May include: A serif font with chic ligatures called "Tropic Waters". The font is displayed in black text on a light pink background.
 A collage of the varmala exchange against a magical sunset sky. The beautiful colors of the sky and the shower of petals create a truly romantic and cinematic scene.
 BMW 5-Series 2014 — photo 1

WHAT IS NEEDED: Restate the material word for word, keeping every line intact.

RESULT FOR THIS EXERCISE:
May include: A serif font with chic ligatures called "Tropic Waters". The font is displayed in black text on a light pink background.
 A collage of the varmala exchange against a magical sunset sky. The beautiful colors of the sky and the shower of petals create a truly romantic and cinematic scene.
 BMW 5-Series 2014 — photo 1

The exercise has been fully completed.